Cut outs of the Republican Navy
Creator: Armero, José Mario
Repository: Centro Documental de la Memoria Histórica, Salamanca, Spain
Source:
Source: Centro Documental de Memoria Histórica, ES.37274.CDMH//OBJETOS,15
Date: 1931 - 1939
Date Created: 1931
Type: Recortables
Extent: 1 item
41.65213, -4.72856
This set of children’s cut outs, created by a collectivized printing firm in Barcelona, shows the makeup of the Republican fleet in the early months of the Civil War.
As the conflict concluded, many of these ships would end up in Bizerte, in the colony of Tunisia.
The Civil War ended with a war among Republicans. It began on March 4, when military units opposed to the government of Juan Negrín and his Communist allies rose up in Cartagena. The rebellion was led at the national level by Col. Segismundo Casado, who had the support of anarchists and moderate Socialists as well as part of the Republican high command. In Cartagena, however, it was controlled from the outset by members of the Fifth Column whose goal was to deliver the naval base and the fleet to Franco.

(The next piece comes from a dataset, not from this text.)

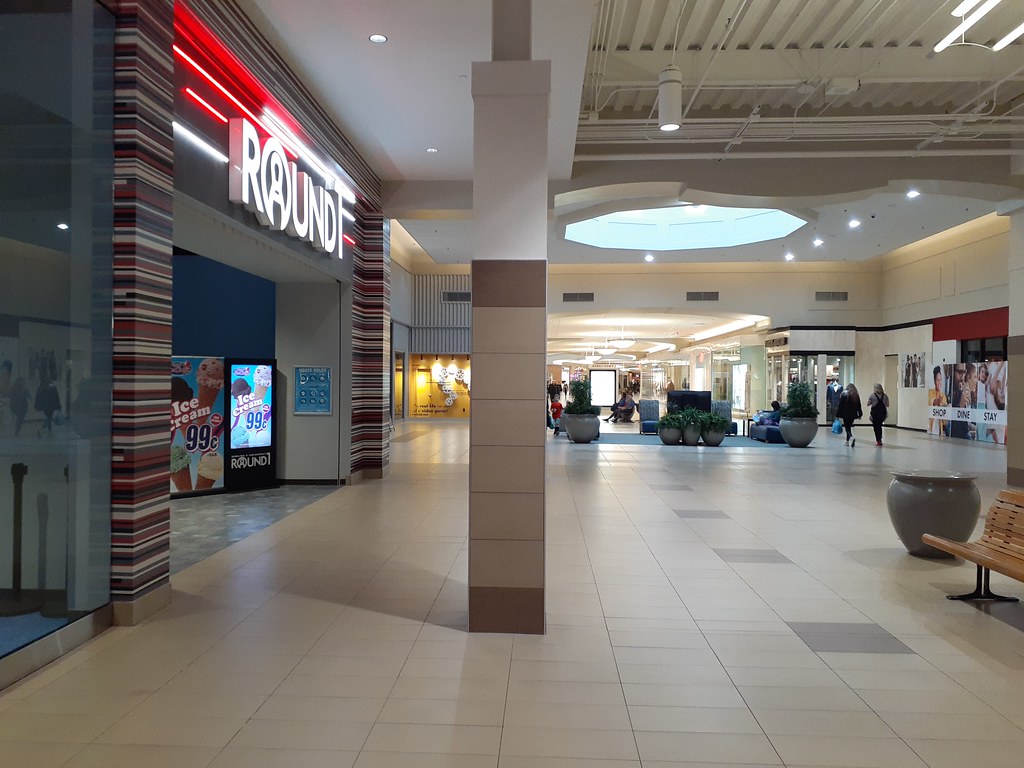 20220122_160648 Millcreek Mall Erie, Pennsylvania. I was… Flickr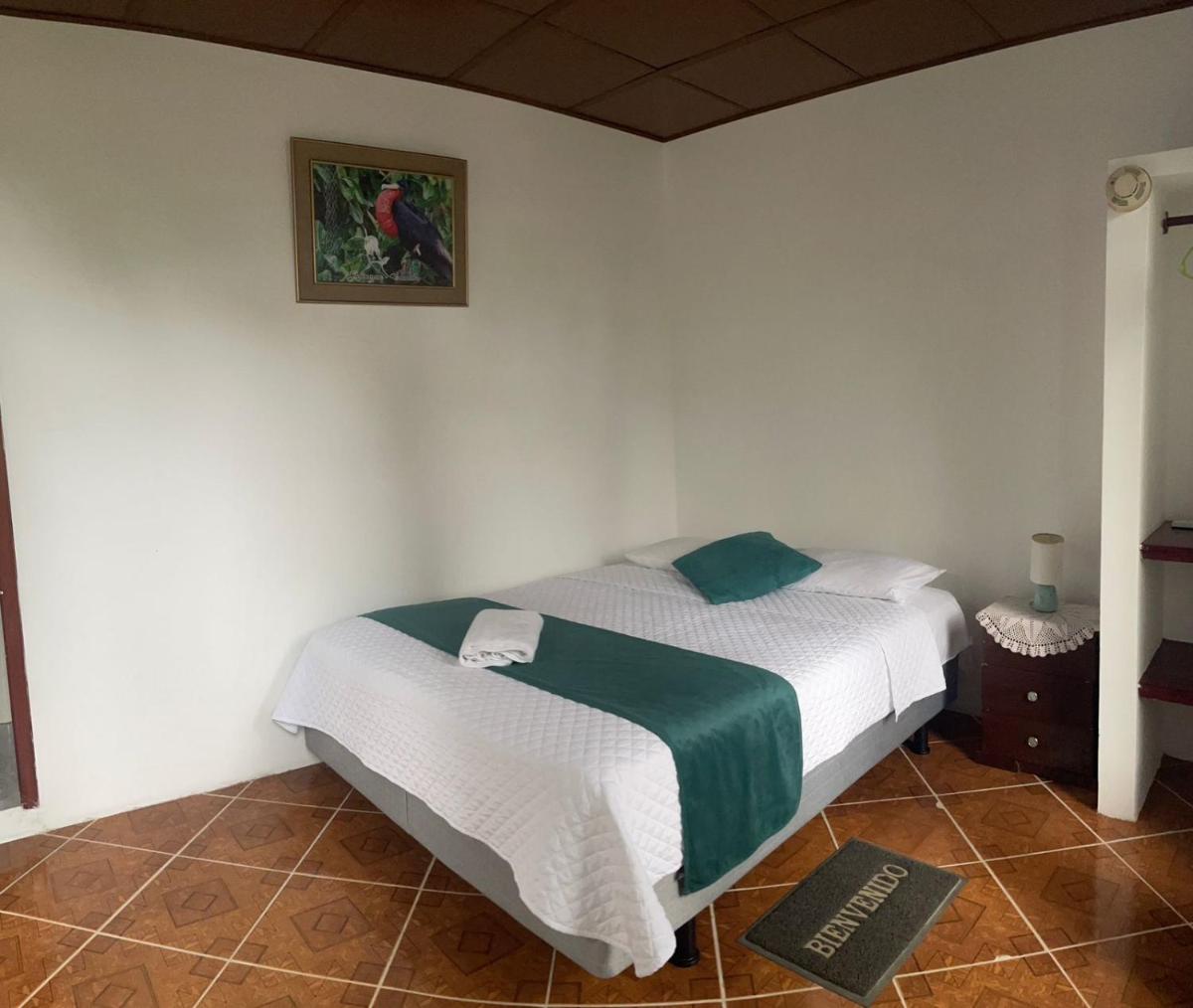 Hostal Muro De Las Lagrimas with high speed internet Starlink - Housity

To head off this risk, on March 5, Miguel Buiza, the commander of the fleet who was a supporter of Casado’s but also an anti-Francoist, ordered the ships to sail for Algeria. The escaping fleet consisted of three cruisers, eight destroyers, and a number of smaller vessels. Troops loyal to the government defeated the rebellion in Cartagena on March 7, but the fleet continued its course towards North Africa. When it arrived in Oran, French authorities told Buiza to head for Bizerta, Tunisia, where they had a major naval base. It arrived there on March 7. France had recently recognized Franco’s government as the government of Spain and on March 30, it handed over the fleet. Of the 4,000 crewmen, some 2,300 decided to return to Spain where they were arrested immediately and interned at Rota, Cádiz. At least 23 of them would be executed.
The flight of its fleet was the penultimate disaster to hit the Republic. When the fronts collapsed three weeks later, tens of thousands of Republicans desperately trying to escape Francoist repression headed for the ports on the Mediterranean, especially Alicante. There were not enough ships to transport them all, and even fewer to escort the few available merchant vessels and protect them from being intercepted by the Francoist warships that patrolled the coasts. When Francoist troops took the port cities, the thousands of Republicans trapped there were immediately sent to hastily improvised and brutal concentration camps, where thousands were shot.
The Republican sailors who chose to remain in Bizerta, and the three hundred civilians who had accompanied them, faced many hardships. The French forced them to labour in brutal conditions on the Trans-Saharan railway and in mines. Later on, many would join the Free French forces fighting the Axis. Miguel Buiza, who joined the Foreign Legion where he rose to the rank of commander, was one of them. After World War II, he commanded a ship that carried Jewish emigrants to Palestine. He was arrested by the British authorities there and briefly interned in a concentration camp in Haifa.